8. A short README: what it is, how to run it, where the dummy data lives, the seam for real-data
wiring later.
== OUT OF SCOPE FOR v0 ==
Real backend/data, auth, real experiment stats, scheduling/cron, connectors, anything that sends to
a real lead. Propose those as v1 directions at wrap-up.

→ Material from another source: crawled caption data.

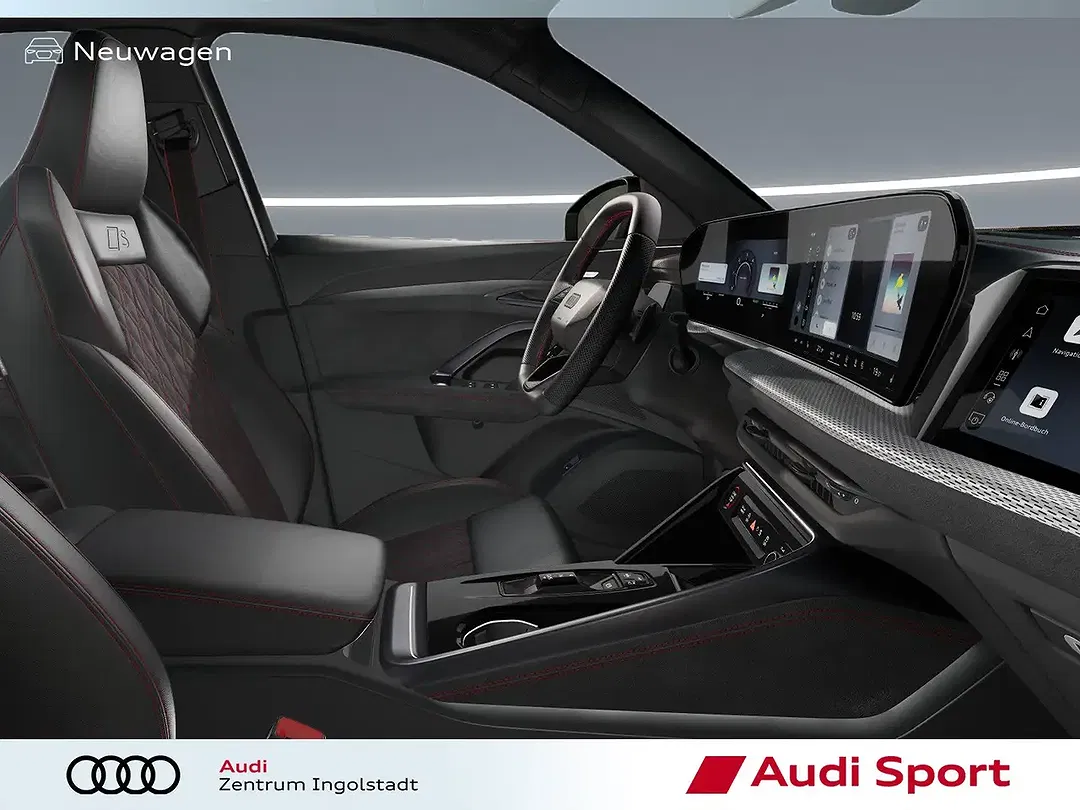 Audi Q5 TDI quattro Matrix LED Edition One - Thumbnail 10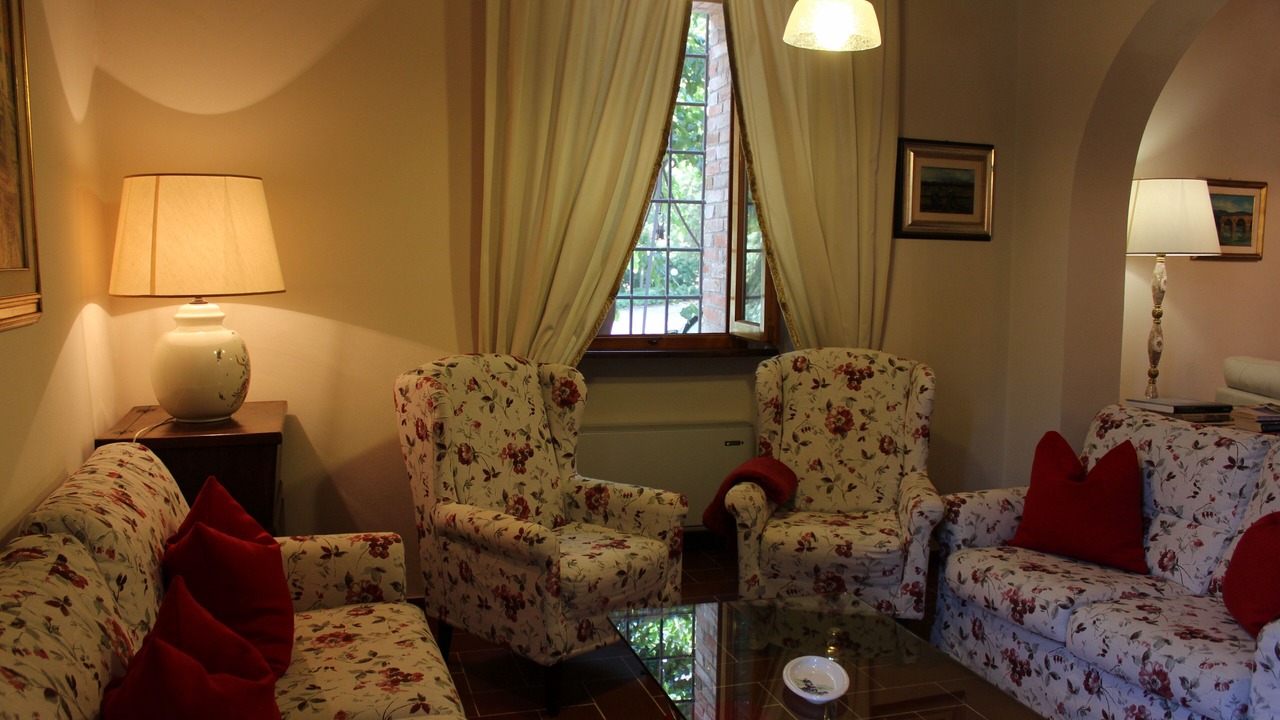 Photo of Livingroom in Certaldo
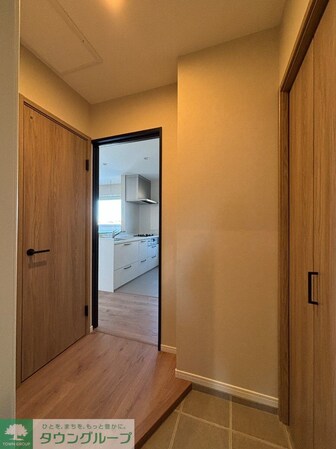 アゼリアの物件内観写真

| Decision | Choice | Why |
|---|---|---|
| Target of the prompt | Front-end prototype only, via /launch-your-agent | The visual app is a conventional React build, not a managed agent — so the skill is steered to a "generated interface" outcome (which it explicitly supports at wrap-up). |
| 3D rendering | 2.5D CSS transforms for v0 | Research: true WebGL 3D underperforms flat views for reading numbers; 3D earns its keep as the transition metaphor. CSS 2.5D is crisp, accessible, near-zero cost — with a seam to react-three-fiber later. |
| Data | Realistic dummy JSON | Real significance is far off at current lead volume — so v0 nails the visualization with believable mock metrics, not a real stats engine. |
| Agent-made changes | Ghost layer → human Accept/Reject | Honors the repo invariant: nothing reaches a lead without a human click. The agent proposes; the human gates. |
| Canvas stack | React Flow (MIT) + dagre | Consensus pick for an editable journey DAG at scale; auto-layout for free. |
/launch-your-agent is designed to launch a hosted, often-scheduled Claude Managed Agent — building a one-shot React prototype is really a Claude Code coding task. The prompt steers the skill to a valid "generated interface" outcome, but if you'd rather skip the managed-agent framing entirely, the same brief works verbatim as a direct Claude Code build prompt (delete the first line). Running /launch-your-agent will spin up a managed-agent session in your Console (billed there).1. Copy the block above. 2. Paste it as a fresh message in this repo (it can read the cited files to ground itself). 3. Let the skill scope → build → self-grade → iterate. 4. It hands you npm install && npm run dev and a README. 5. Screen-share the 3D fan-out as the "wow".